All’esame obiettivo si osservano lesioni arrossate, infiammate, ulcerate e proliferative su mucosa buccale, gengiva, lingua e labbra, in particolare nelle regioni caudali della cavità orale e nelle pliche palatoglosse. Da notare che in uno studio si riscontrava anche la presenza di esofagite in quasi tutti i gatti affetti da FCGS sottoposti a endoscopia del tratto gastrointestinale superiore.
Il trattamento della gengivostomatite cronica portava anche alla risoluzione dell’esofagite e pertanto una terapia aggiuntiva può essere superflua tranne in caso di disfagia e rigurgito evidenti. Le diagnosi differenziali per la FCGS includono parodontite, che può anche essere concomitante alla FCGS, riassorbimento dentale, neoplasie, EGC, infezione da FCV e lesioni caustiche a carico della mucosa orale. Solitamente è necessario effettuare un esame della mucosa orale sotto anestesia perché l’area colpita è estremamente dolorosa. Mentre il paziente è anestetizzato è importante ottenere radiografie dentali per identificare il riassorbimento e la ritenzione di denti.
Dalle regioni colpite si dovrebbero prelevare campioni bioptici che tipicamente evidenziano un’infiammazione cronica linfoplasmacellulare e mista con lesioni ulcerative. La biopsia deve essere utilizzata non come diagnosi definitiva, ma piuttosto come uno strumento per escludere condizioni più insidiose quali quelle neoplastiche.
Oltre al test FIV e FeLV, l’esame emocromocitometrico completo (CBC) e il profilo biochimico sono fondamentali se si sospetta un’infezione, oltre che per verificare la stabilità del paziente in vista dell’anestesia. Il CBC spesso mostra leucocitosi con neutrofilia matura, sebbene nei gatti FIV positivi si possa occasionalmente riscontrare anche leucopenia.
Un controllo meticoloso della placca con igiene dentale frequente ogni 3-6 mesi associata a un regime di igiene dentale da eseguire a casa può essere di aiuto nei pazienti che presentano una risposta iperimmune alla placca in cavità orale.
Nei pazienti che non rispondono a un’igiene dentale accurata e al regime domestico si procede con la gestione chirurgica che prevede l’estrazione dei denti parziale (tutti i premolari e i premolari) o completa. In molti casi il trattamento della FCGS si basa sull’estrazione chirurgica completa dei denti che porta alla risoluzione completa (1/3) e parziale (1/3) in circa 2/3 dei gatti colpiti.
I gatti con FCGS che non rispondono all’estrazione chirurgica dei denti hanno maggiori probabilità di essere FIV positivi e di una prognosi più sfavorevole.
I gatti in cui l’estrazione dentale non porta a remissione necessitano di una terapia medica immunosoppressiva o immunomodulatoria che si basa sulla somministrazione di glucocorticoidi sistemici a dosi immunosoppressive. Anche in questo caso, tuttavia, soltanto il 50% circa dei gatti risponde alla terapia dopo l’estrazione completa dei denti. In qualche caso è stata provata anche la ciclosporina che ha mostrato di portare a una remissione completa nel 50-80% dei casi trattati.
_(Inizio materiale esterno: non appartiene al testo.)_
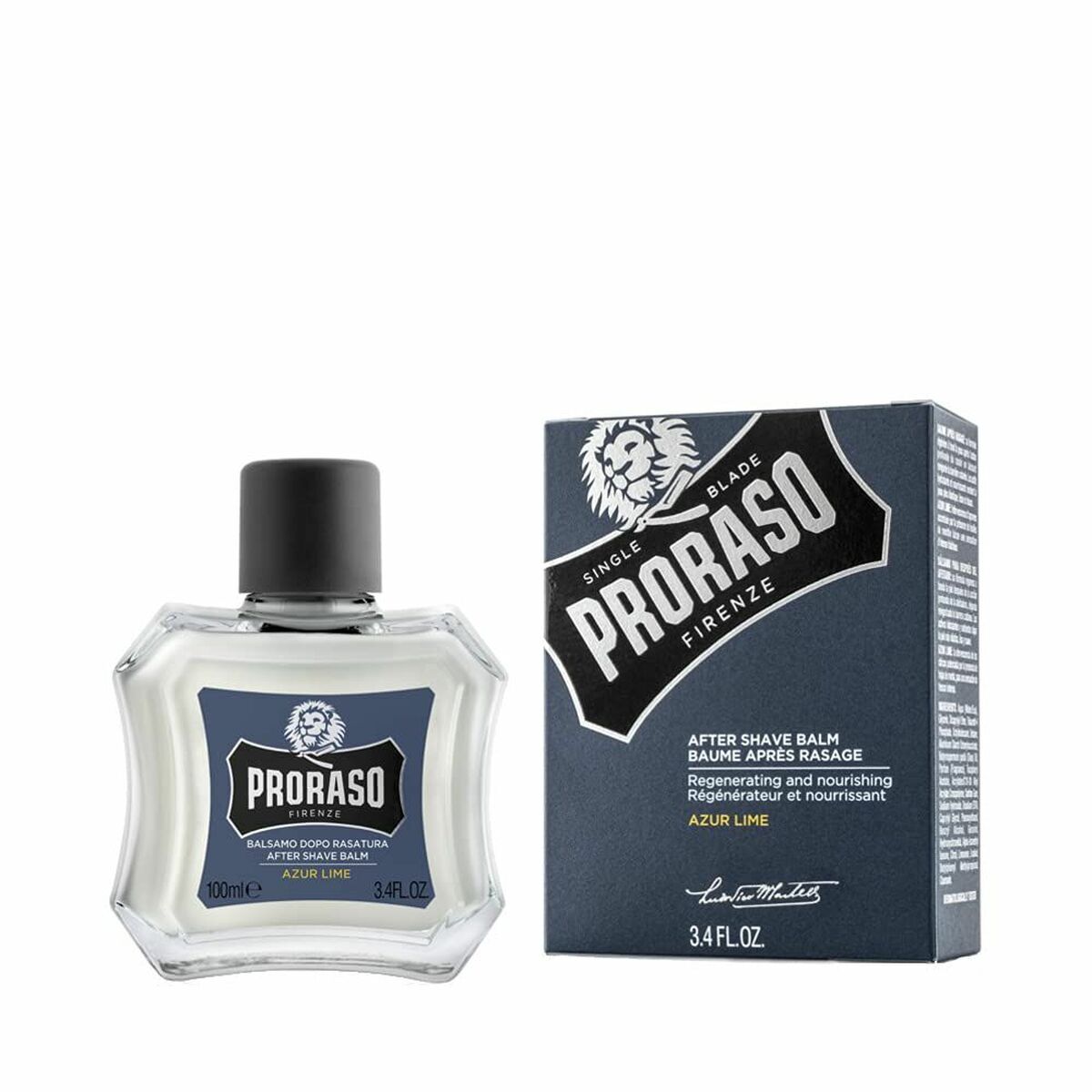 Baume après-rasage Proraso Blue 100 ml en flacon et boîte, soin apaisant et nourrissant pour homme.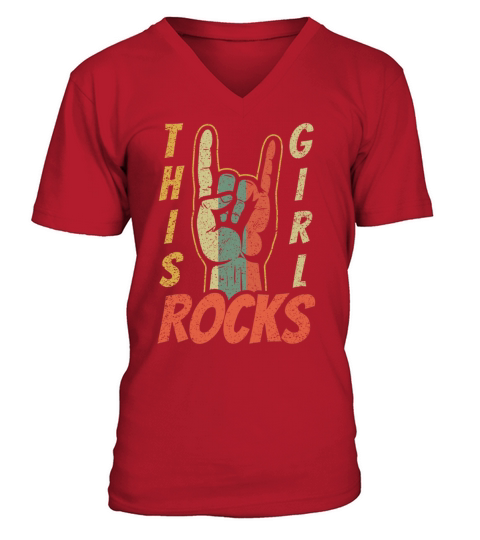 Vintage Retro Rock Sign Rock Hand Metal Girl Rocks V-Neck T-shirt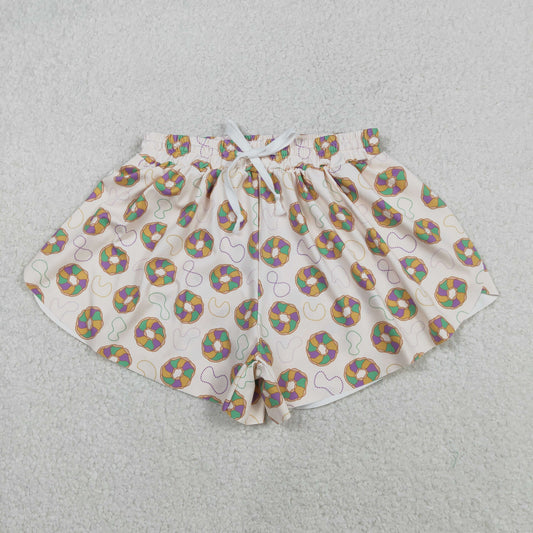 Adult Women's Mardi Gras Donut Necklaces Yoga Active Ruffle Shorts Bottoms Fashionable Workout Clothing Set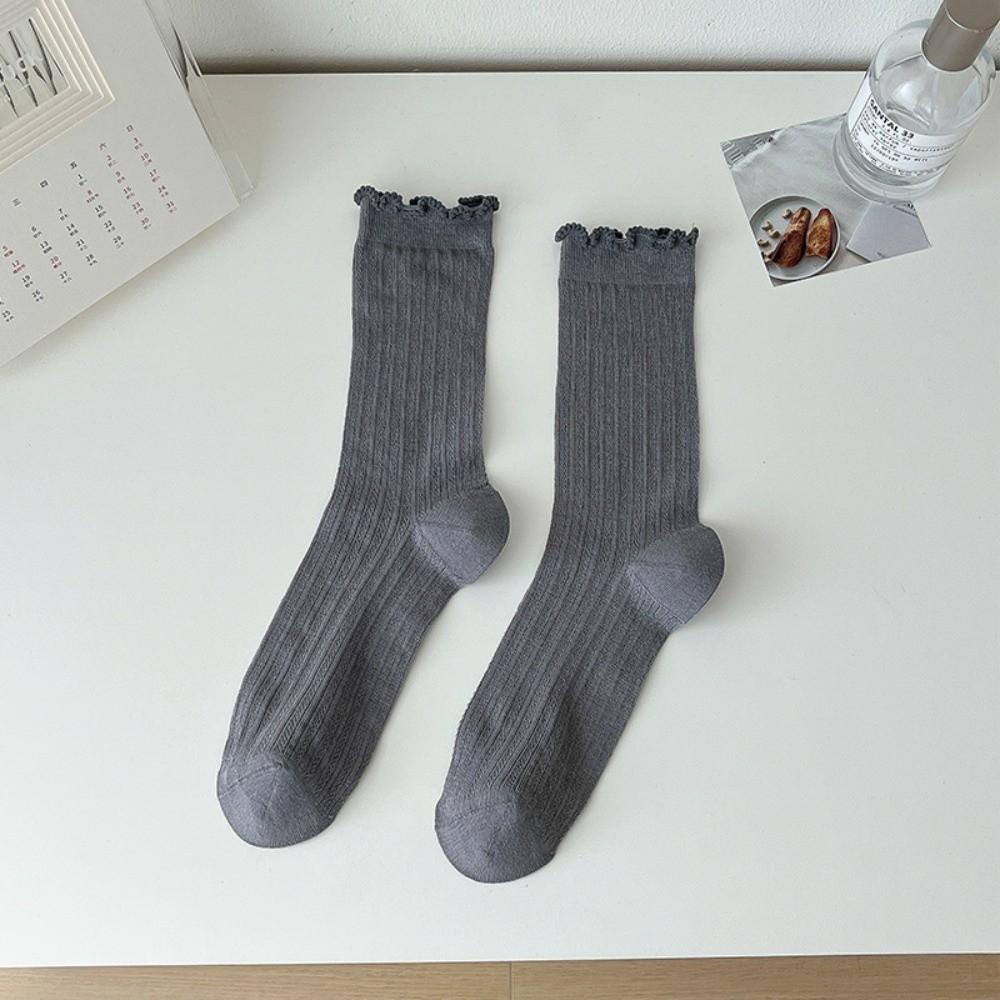 Sweet Solid Color Mesh Mid Tube Socks Lace Ballet Style Lolita Socks Hollow Out Ultra-thin Ultra-thin Socks JK
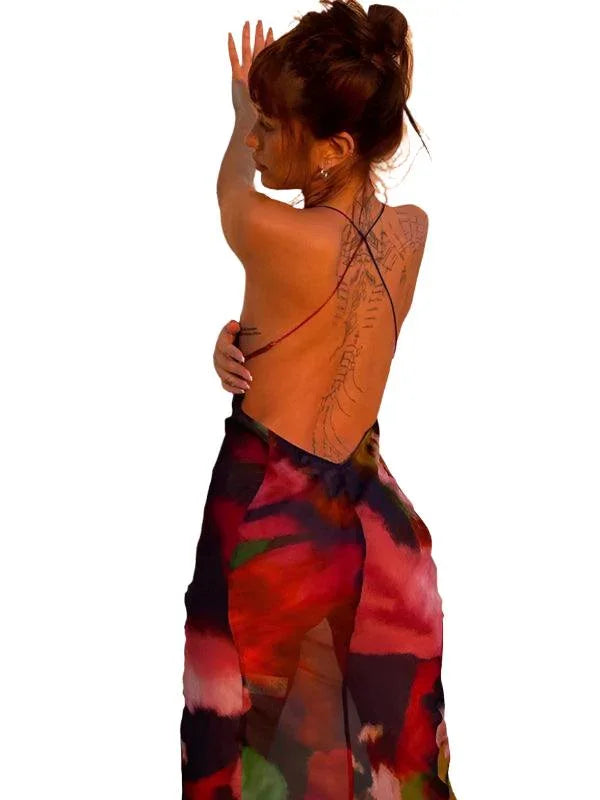 Lace Suspender Backless Bodycon Maxi Dress -Guocali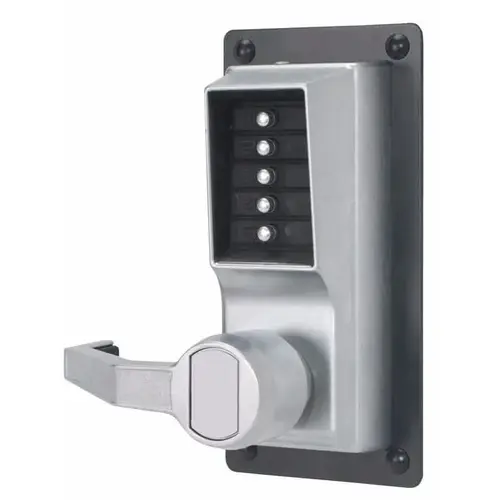 Right Hand Mechanical Pushbutton Exit Trim Lever Lock, Combination Only Satin Chrome Finish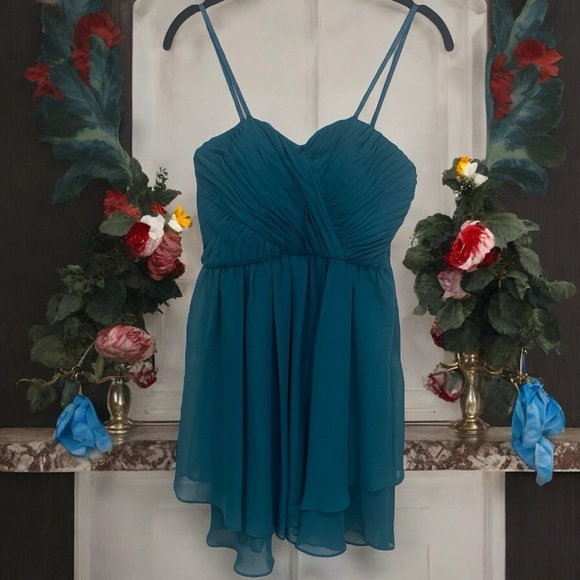 NEW Hailey Logan by Adrianna Papell Turquoise Y2K Fairy Ethereal Dress Girl's 5 - Picture 1 of 11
Un’altra modalità terapeutica che è stata tentata con successo consiste nell’ablazione con laser a CO2 della mucosa proliferante.
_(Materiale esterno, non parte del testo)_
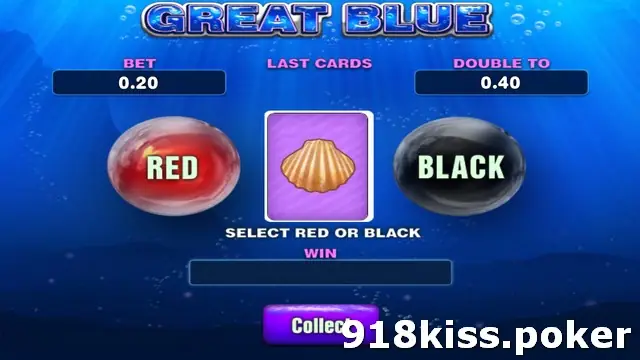 Great Blue gamble screen with RED and BLACK buttons around a seashell card back, bet 0.20 and double to 0.40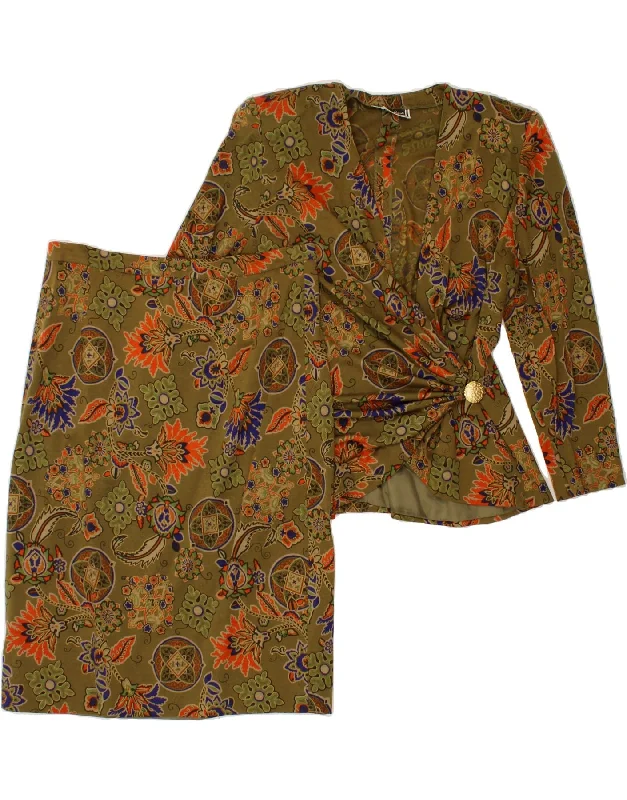 LUISA SPAGNOLI Womens 2 Piece Skirt Set IT 52 2XL W34 Khaki Floral corduroy skirt durable LUISA SPAGNOLI Womens 2 Piece Skirt Set IT 52 2XL W34 Khaki Floral corduroy skirt durable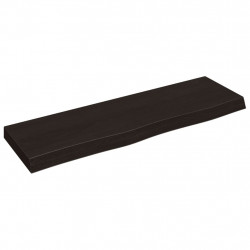 Półka, ciemnobrązowa, 100x30x(2-6) cm, wykończone drewno dębowe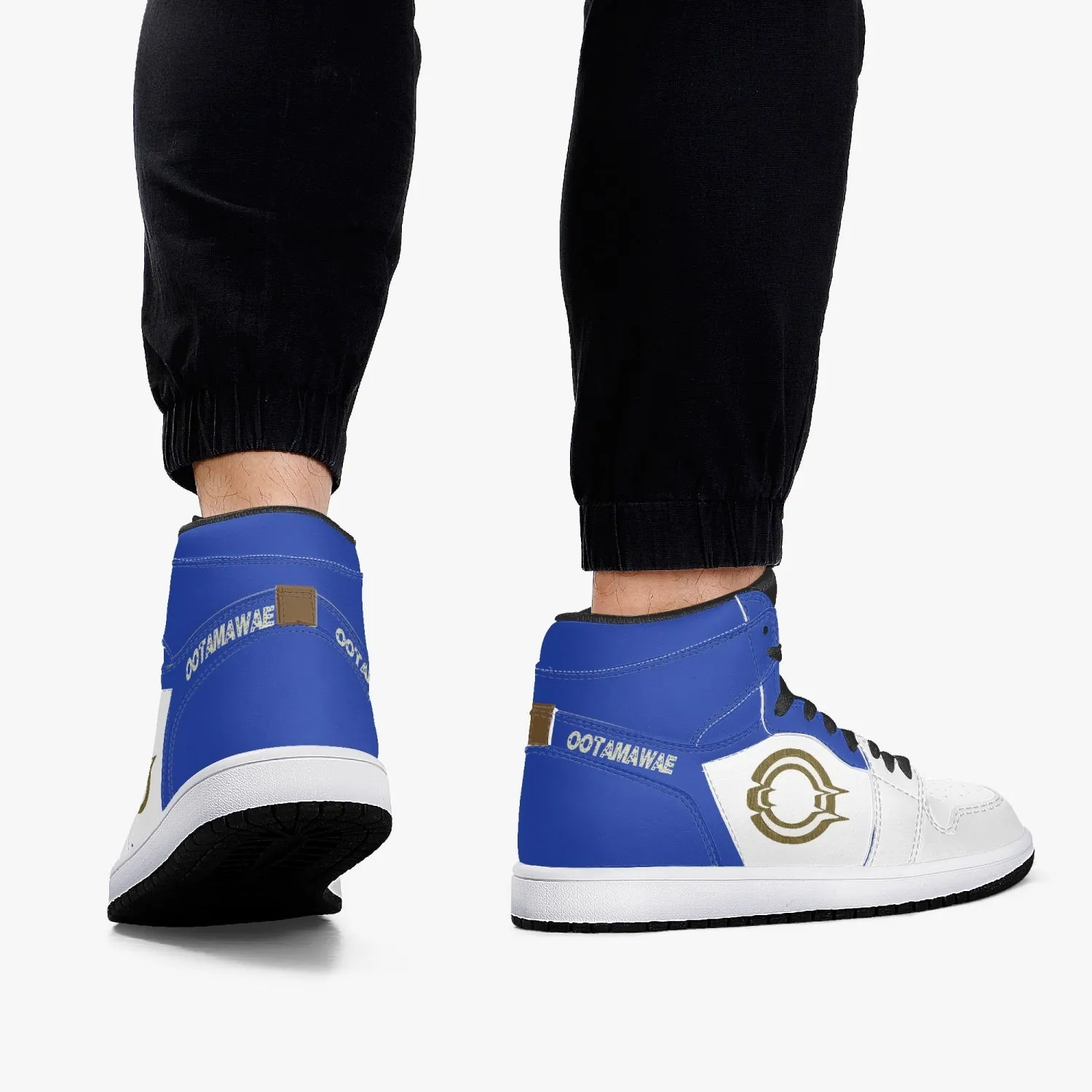High-Top Leather Sneakers - Blue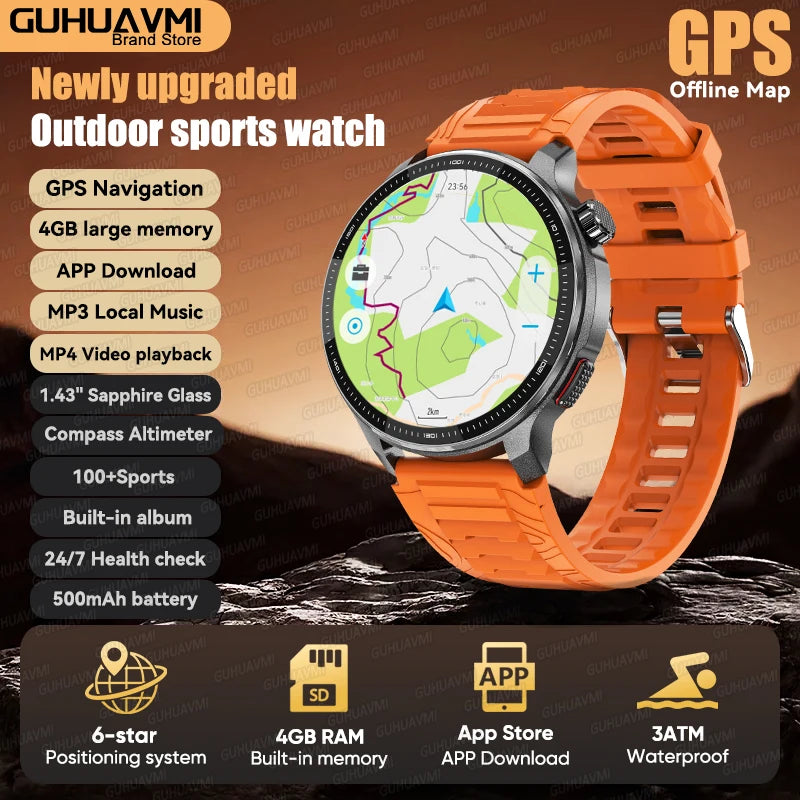 Reloj Inteligente 2026 con Mapa Sin Conexión, GPS Integrado, Posicionamiento Preciso, 4GB de Memoria, Brújula, Natación, Llamadas Bluetooth, Deportivo Militar para Hombre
L’ipotesi è che l’ablazione termica di questo tessuto porti alla formazione di tessuto cicatriziale avascolarizzato che nel complesso riduce l’infiammazione. Fino a oggi, tuttavia, questa modalità terapeutica è stata riportata per un unico caso di FCGS.
Alcuni studi recenti descrivono casi di remissione con la somministrazione di rFeIFN-ω. In uno studio randomizzato in doppio cieco condotto su un totale di 39 gatti trattati con prednisolone oppure con trattamento topico giornaliero con 0,1 MU di rFeIFN-ω, entrambi i gruppi mostravano un miglioramento significativo delle lesioni orali dopo 3 mesi di terapia; tuttavia, la differenza fra i due gruppi non era significativa.
Un’altra recente modalità terapeutica consiste nella somministrazione endovenosa di MSC ricavate dal tessuto adiposo. È stato dimostrato che le MSC si localizzano nel tessuto infiammato e possono avere un effetto antinfiammatorio locale che aneddoticamente può portare alla remissione clinica in diverse patologie infiammatorie croniche.